┌──

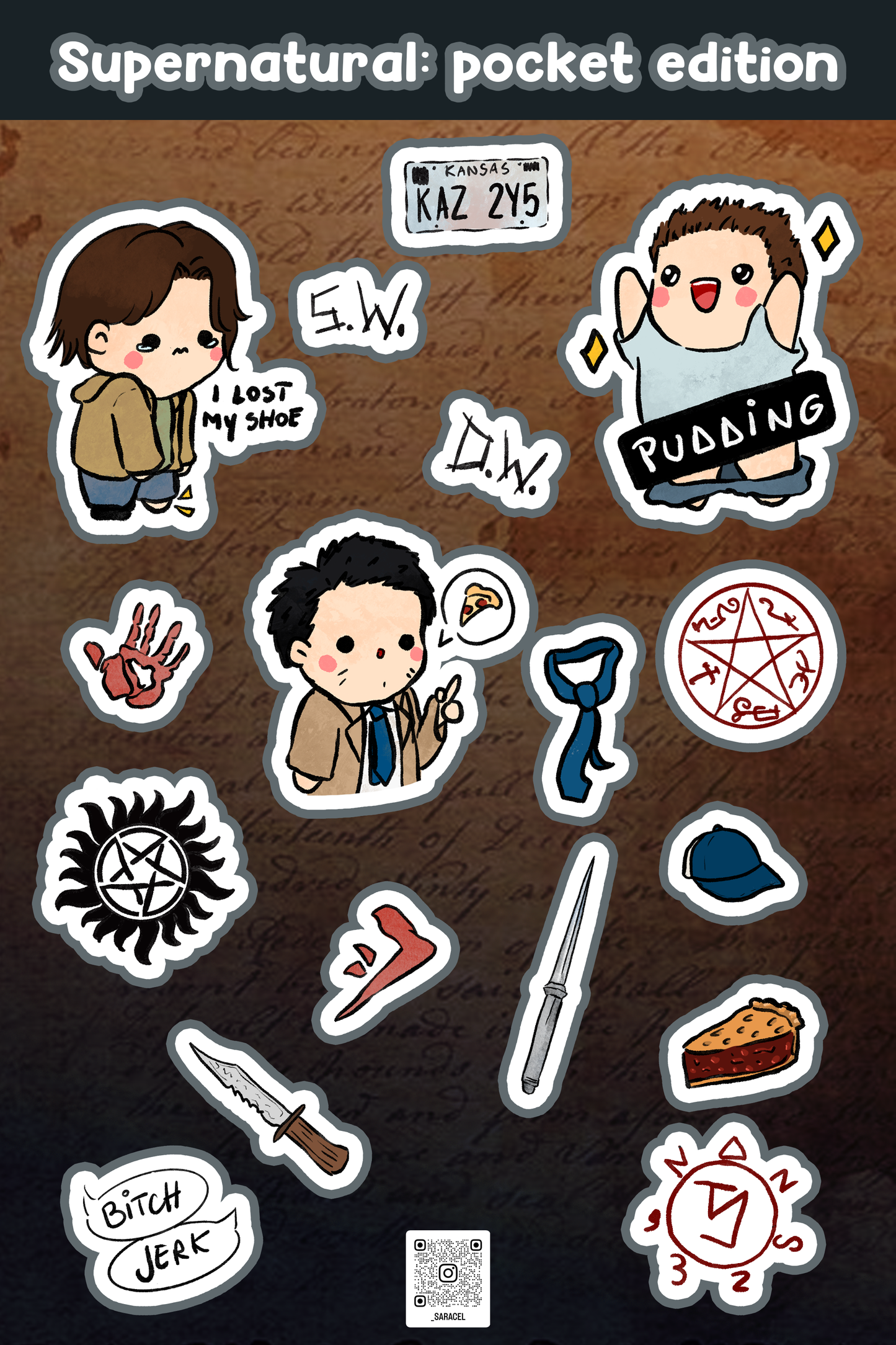 Supernatural sticker sheet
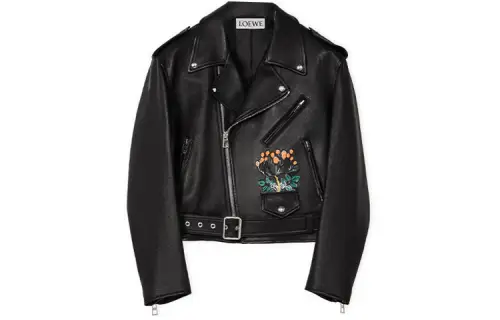 LOEWE Leather Jackets Women's Black Lapel Moderate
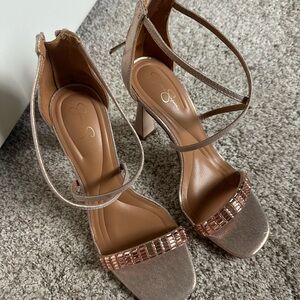 Jessica Simpson Arindel Rose Gold Strappy Heels with Crystal Accent
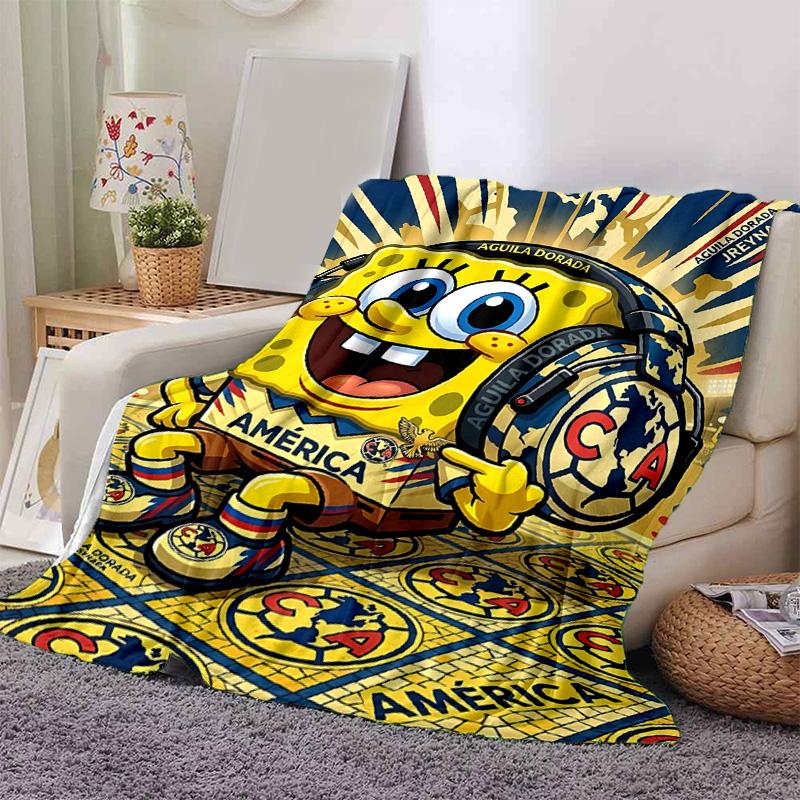 1pc Spongebob Headphones Shield Flannel Blanket Soft Warm Throw Blanket for Bedroom Living Room Bed Travel Camping Picnic Gift. MT71601194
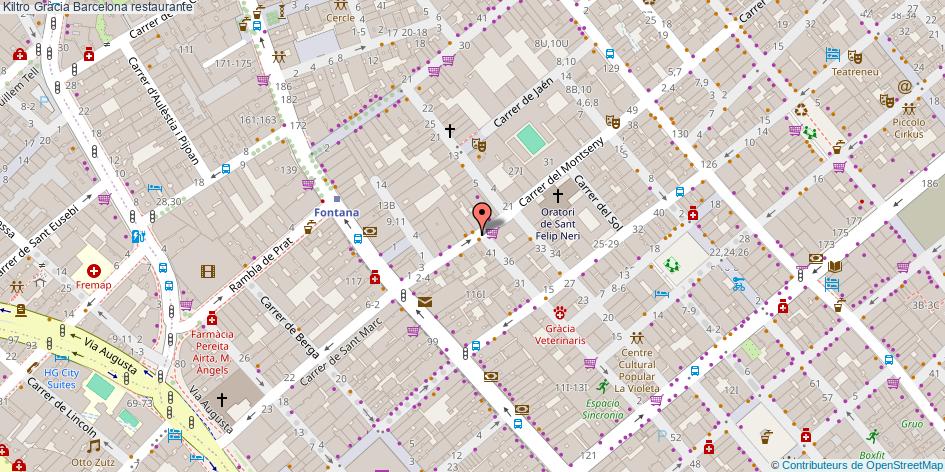 mapa Kiltro Gràcia restaurante Barcelona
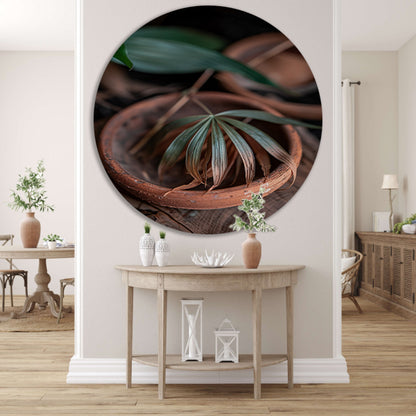 Blad in Aardewerken Pot aluminium muurcirkel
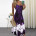   Slim Fit V-neck Positioning Flower Sling Big Dress NSYF2176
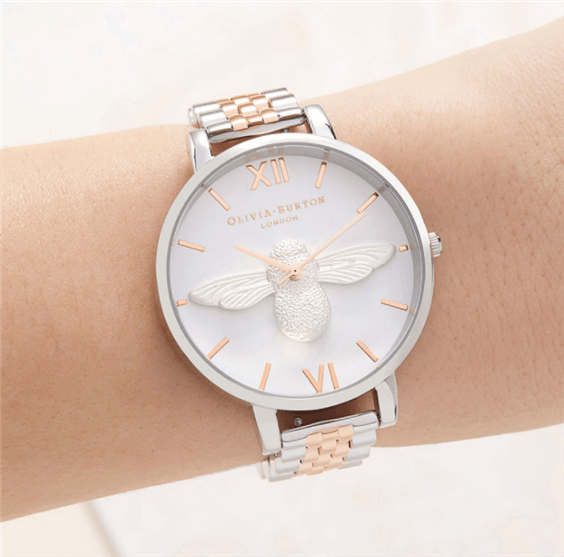 Montre Femme Olivia Burton 3D Bee Rose Gold & Rose Gold And Silver OB16AM156 - PRECIOVS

└──

THE TASK: Transcribe exactly the lines running from the line with "Blad in Aardewerken Pot aluminium muurcirkel" to the last line of the entries. Pictures stay out of the copy.

FINISHED EXERCISE:
 Blad in Aardewerken Pot aluminium muurcirkel
   Slim Fit V-neck Positioning Flower Sling Big Dress NSYF2176
 Montre Femme Olivia Burton 3D Bee Rose Gold & Rose Gold And Silver OB16AM156 - PRECIOVS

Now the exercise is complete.